Lung cancer is the leading cause of cancer deaths in the United States. Despite the existing treatments for lung cancer, the long term survival of patients remains low. Activation of CD4+ and CD8+ T cells offers a promising approach for the treatment of cancer patients. My project focuses on developing a novel vaccine (MHC II vaccines) designed to activate tumor-reactive CD4+ T cells. MHC II vaccines are lung cancer cells transfected with costimulatory molecules and MHC II alleles syngeneic to the prospective recipient. Because active immunotherapies will only be effective if recipients are immuno-competent, we have tested if the vaccines activate CD4+ T cells from patients who have elevated levels of myeloid-derived suppressor cells (MDSC), a suppressor cell population that inhibit both innate and adaptive immunity. I demonstrate that MHC II vaccines activate tumor specific CD4+ T cells from the blood of healthy donors and lung cancer patients despite the presence of MDSC. Various mechanisms of immune suppression have been attributed to MDSC, however MDSC is an emerging field many more mechanisms are under their way. I have found a new mechanism through which MDSC block T cell proliferation by sequestering cysteine, an essential amino acid for T cells.

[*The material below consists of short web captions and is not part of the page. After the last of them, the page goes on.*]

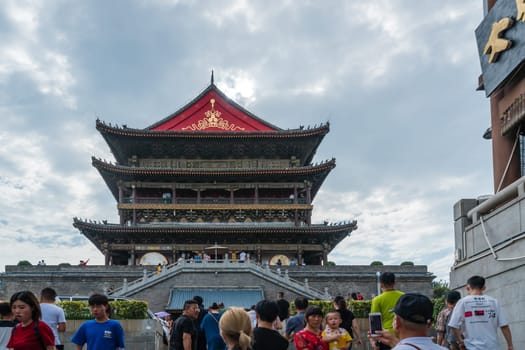 Xian, China -  July 2019 : Tourists in front of the landmark Drum Tower in the city Xian, Shaaxi Province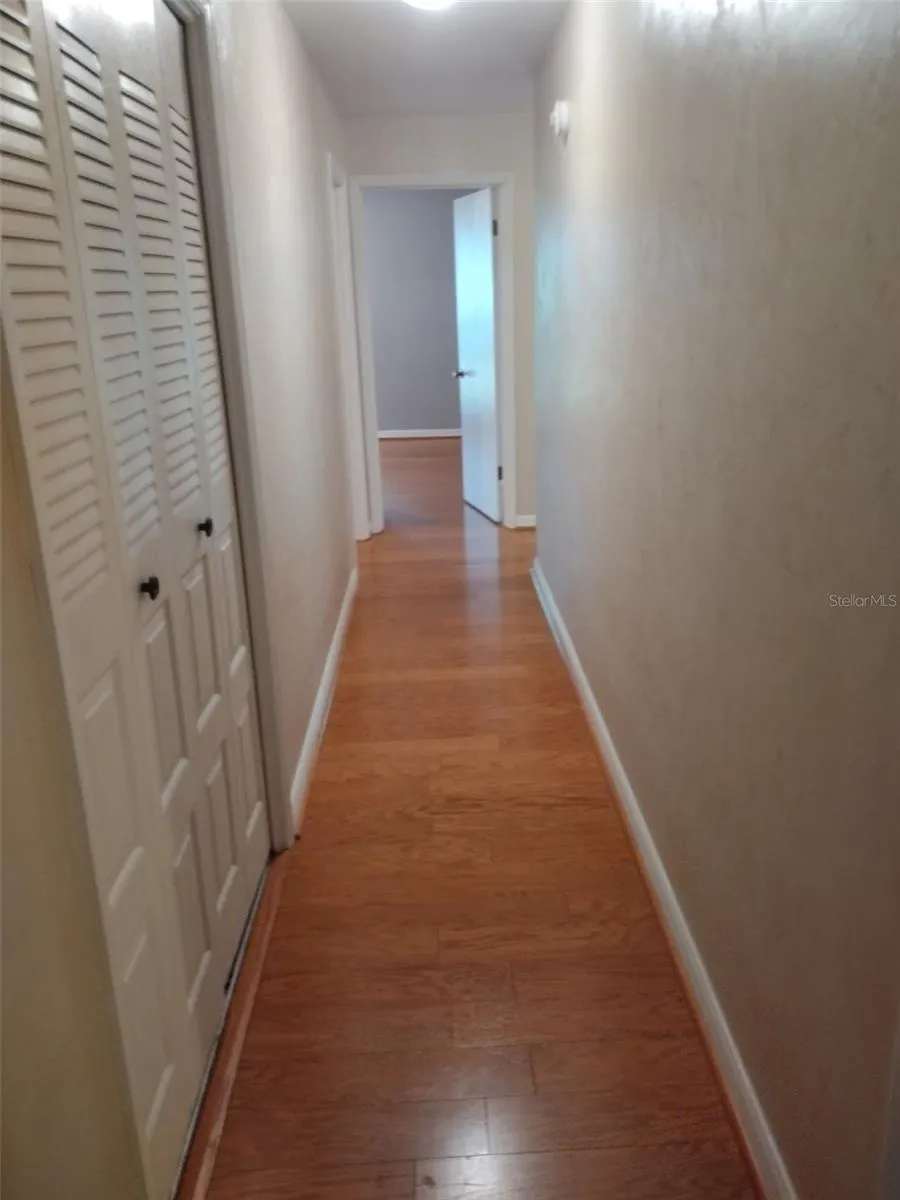 Hallway from Primary Suite to Bedrooms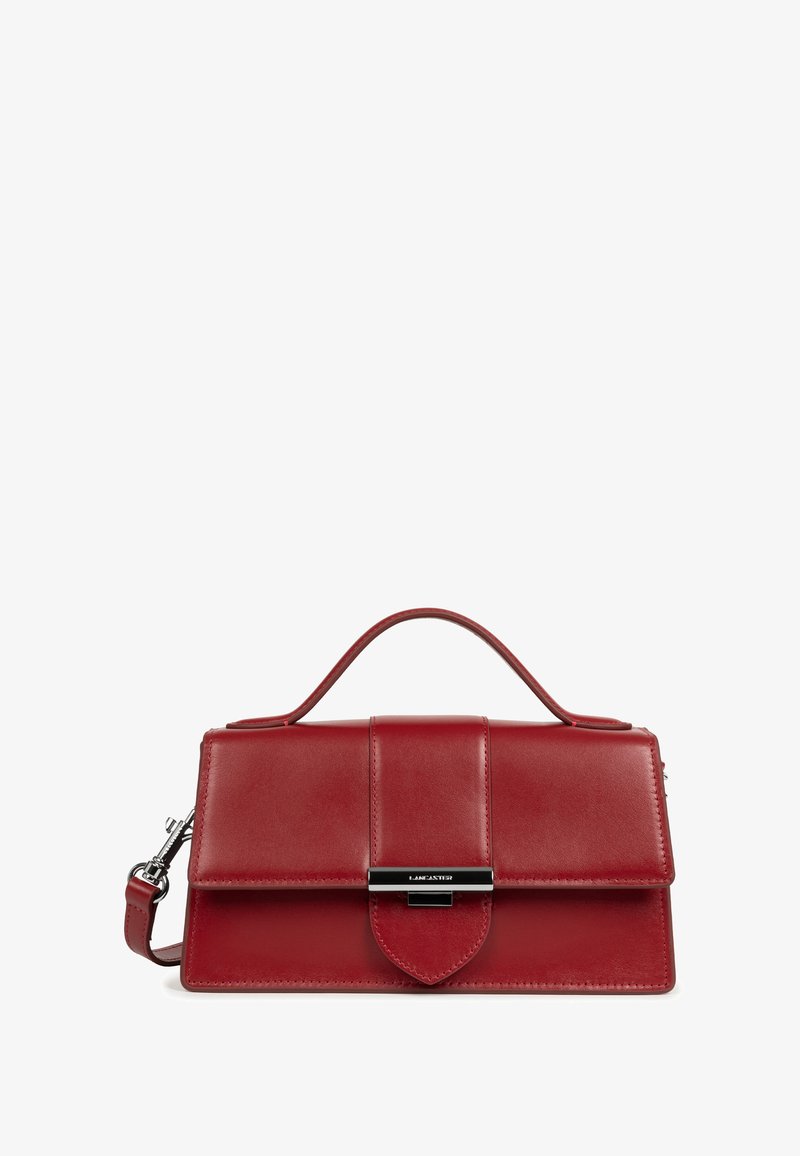 Rote Lederhandtasche mit Obergriff, vorderer Klappe und silberfarbener Metallschließe mit graviertem Lancaster-Logo, isoliert auf weißem Hintergrund.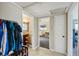 Hallway connecting to a bathroom and bedroom; includes tile flooring and neutral paint at 1450 Seabreeze St, Clearwater, FL 33756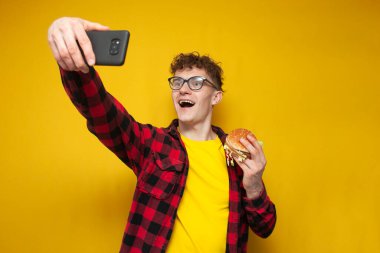young curly guy holds a big burger and takes a selfie on a smartphone, a student photographs himself with fast food on a yellow background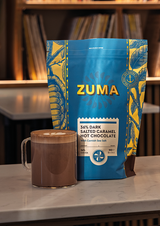 Zuma 60% Dark Salted Caramel Hot Chocolate package with a mug of hot chocolate on a table.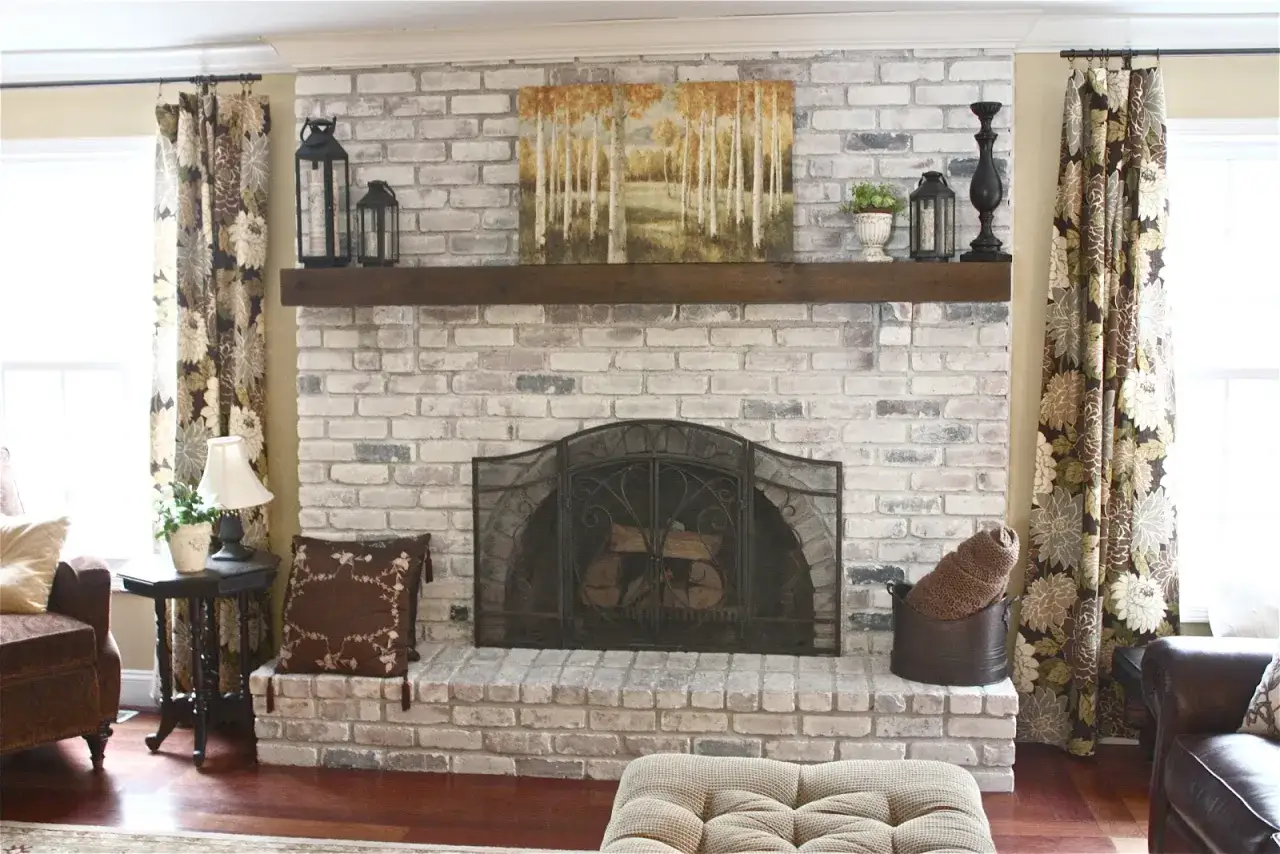 A rustic fireplace with whitewashed brick, a wooden mantel, and a decorative screen. This image shows how to whitewash brick for a charming, updated look.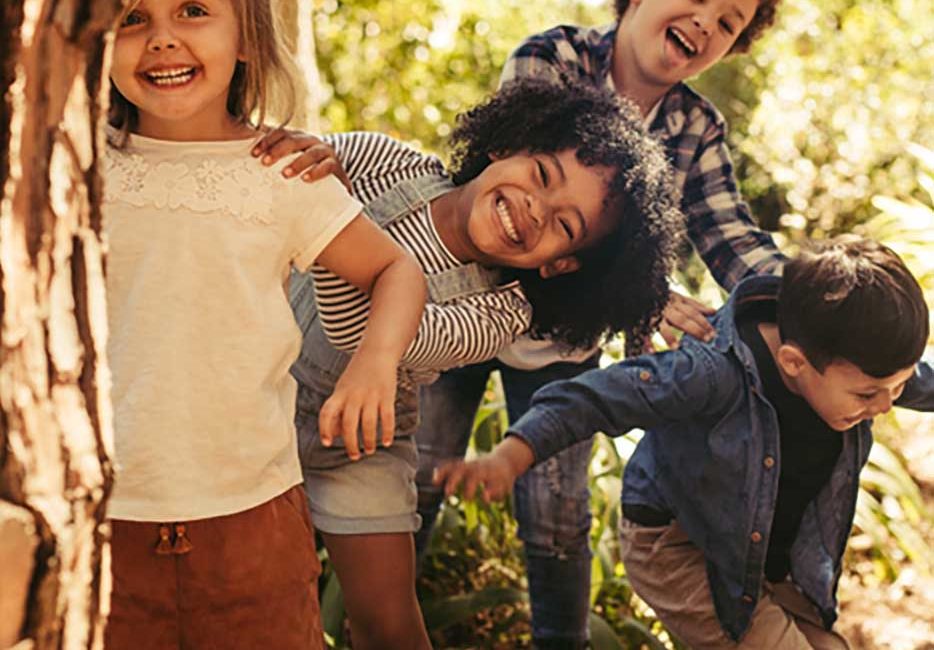 Group of children playing hide and seek Cute smiling kids peeking out from behind the tree in the park. Group of children enjoying playing hide and seek in a forest.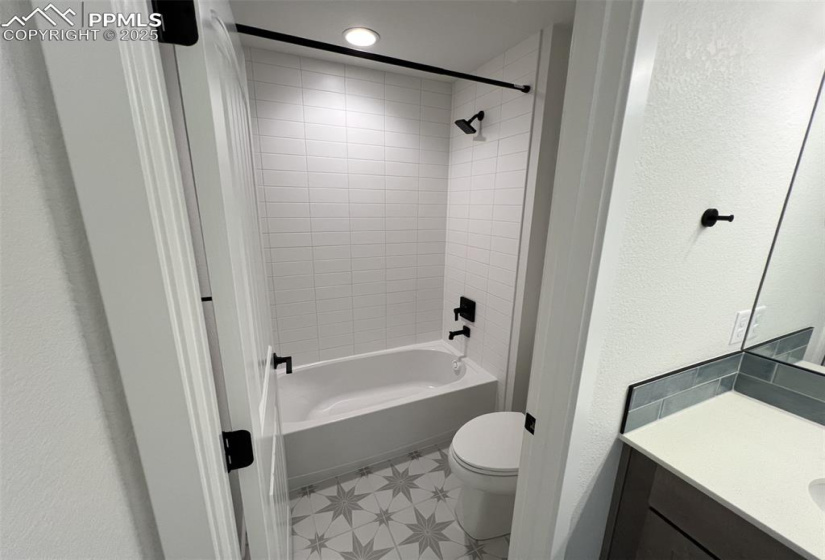 Full bathroom featuring a textured wall, vanity, and shower / bath combination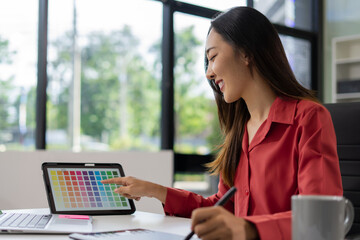 Female coder or developer working using a computer display in problem solving at workplace.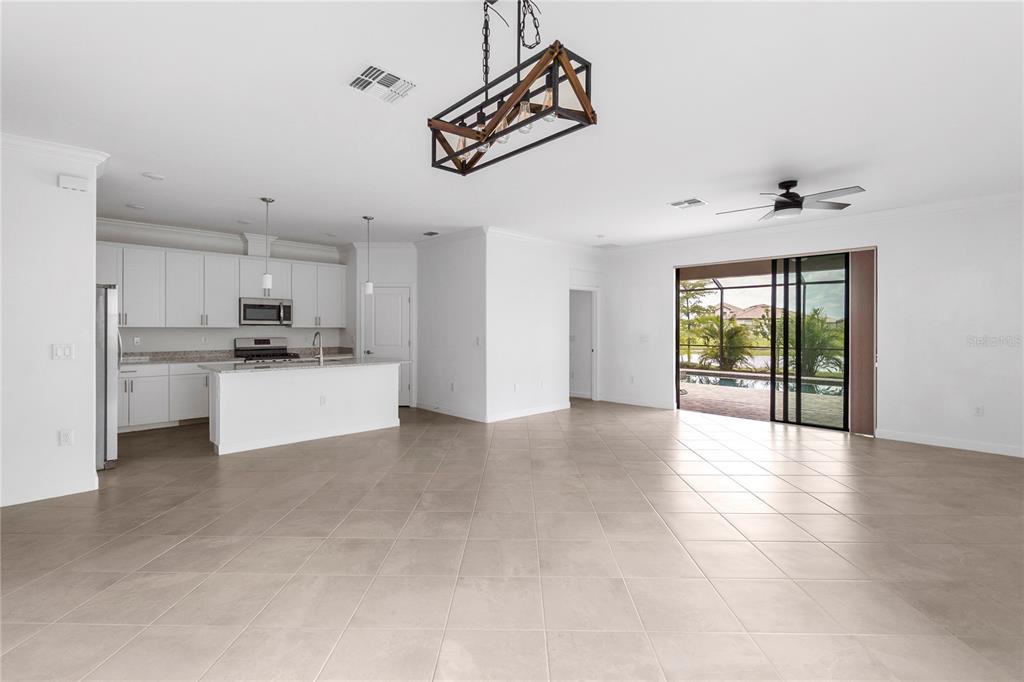 An open-concept kitchen and living area features white cabinetry, tile flooring, and sliding glass doors — 5239 CORAL REEF WAY, BRADENTON, FL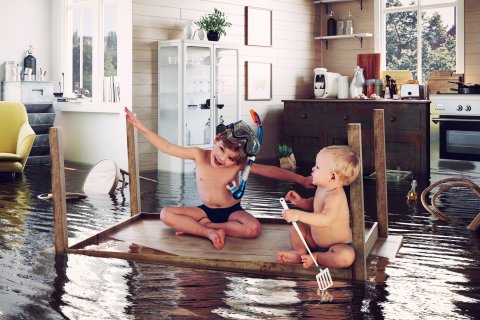 twee kinderen zitten op een tafel in een overstroomde woonkamer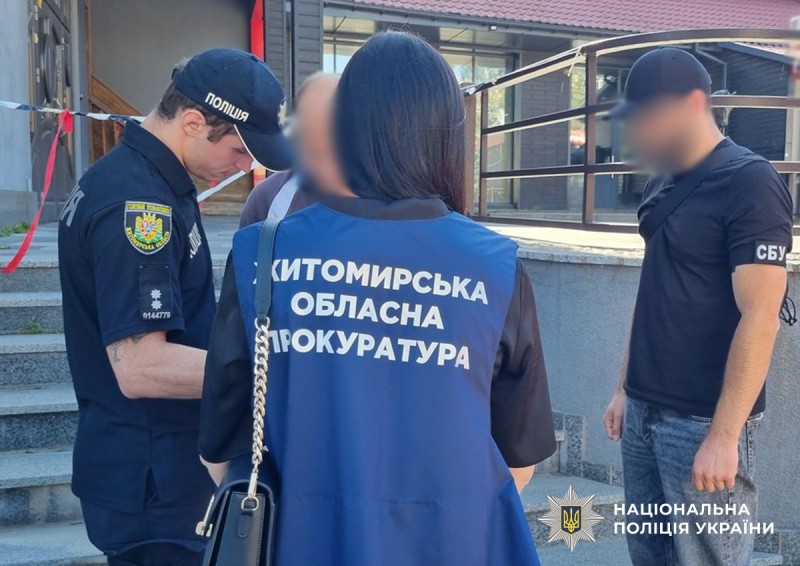 на передньому плані спиною стоїть жінка прокурор, зліва поліцейський боком, який врущає фігуранту підозру, зправа стоїть працівник СБУ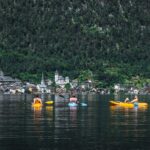Trzech kajakarzy na jeziorze Hallstatt z widokiem malowniczej wioski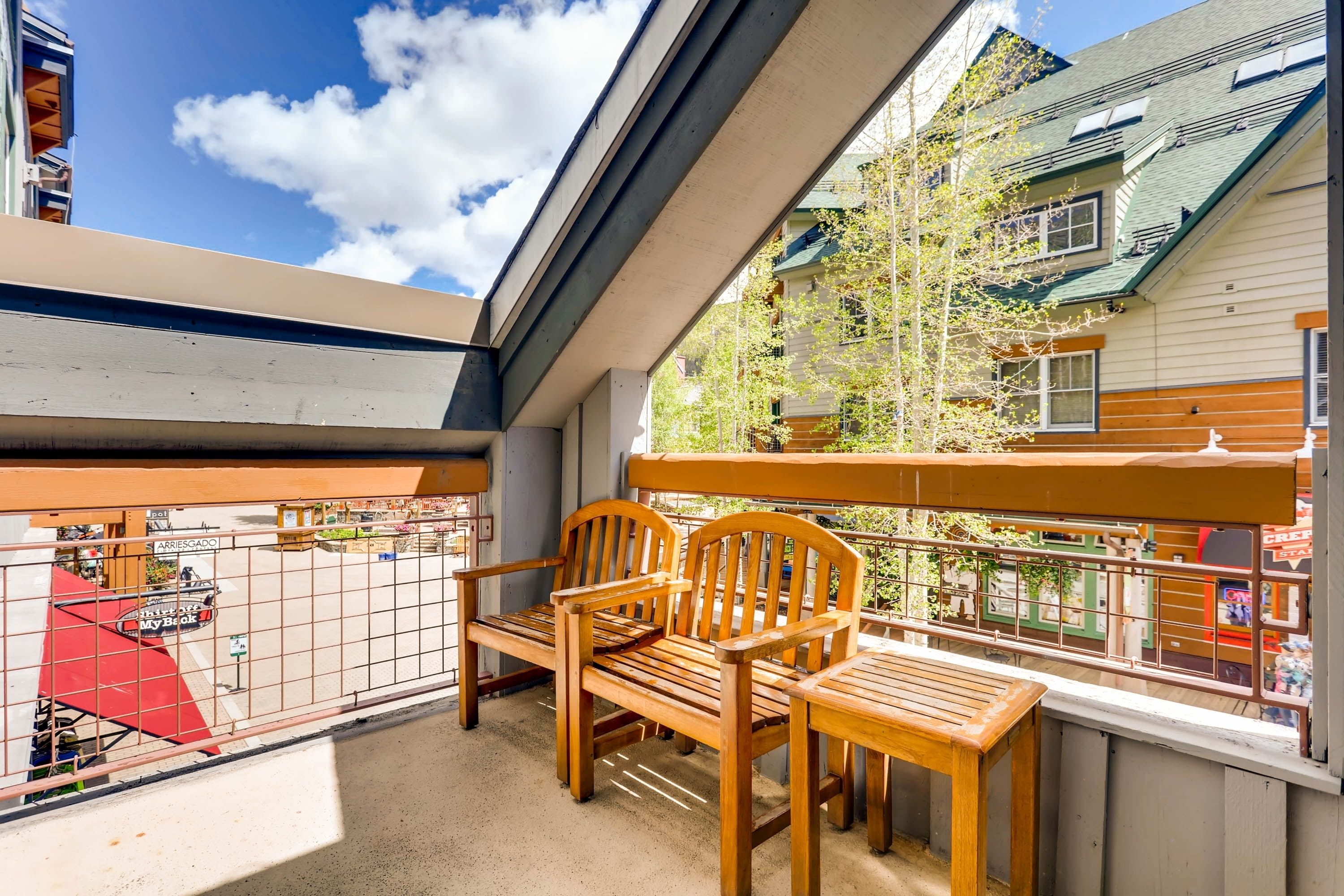 A balcony with wooden furniture, a view of the street, and neighboring buildings.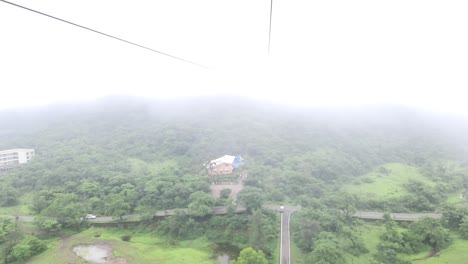 beautiful view from a ropeway car moving up the mountain on a cloudy day, cable car in the clouds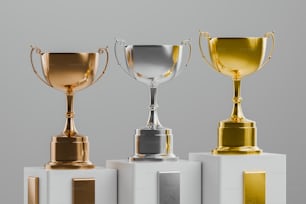 a group of three trophies sitting on top of each other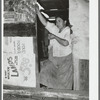 Mexican woman standing in doorway of kitchen. San Antonio, Texas. Notice the cardboard partitions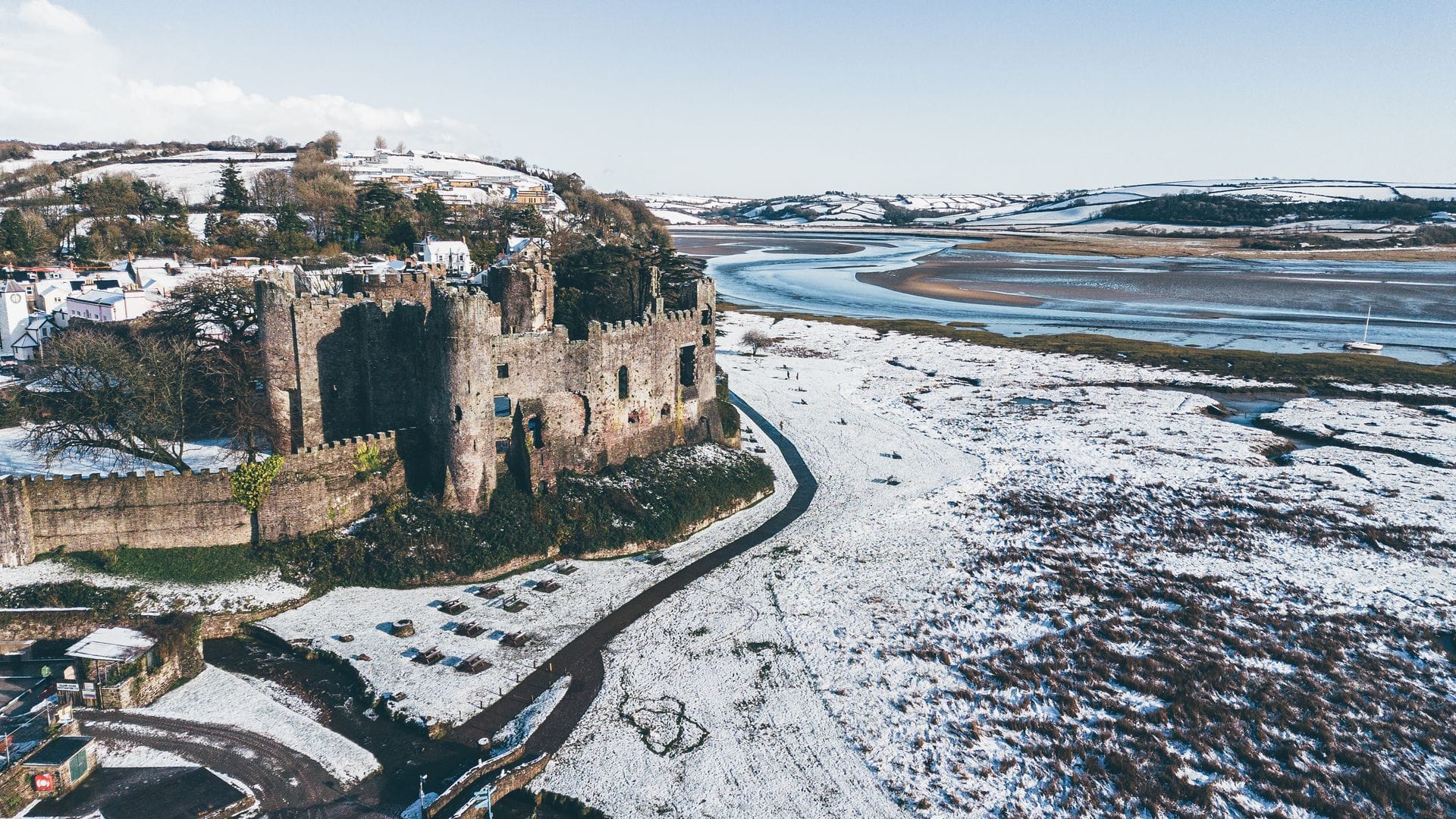 An elevated view of the stone ruins of Laugharne Castle standing on the edge of a wide, winding estuary. The surrounding fields, salt marshes, and distant hills are blanketed in a layer of bright white snow under a clear sky.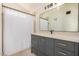 Modern bathroom featuring a sleek vanity, contemporary mirror, and shower for a luxurious and functional space at 11531 E Persimmon Ave, Mesa, AZ 85212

T cells require cysteine because they lack cystathionase which converts methionine to cysteine, and because they do not have an intact xc- transporter and therefore cannot import cystine and reduce it intracellularly to cysteine. T cells depend on antigen presenting cells (APC) to export cysteine which is imported by T cells via their ASC neutral amino acid transporter. MDSC express the x c- transporter and import cystine; however, they do not express the ASC transporter and do not export cysteine. APC and MDSC compete for extracellular cystine, and in the presence of MDSC, APC release of cysteine is reduced, thereby limiting the extracellular pool of cysteine. Therefore, MDSC deplete cysteine for T cells and block their proliferation.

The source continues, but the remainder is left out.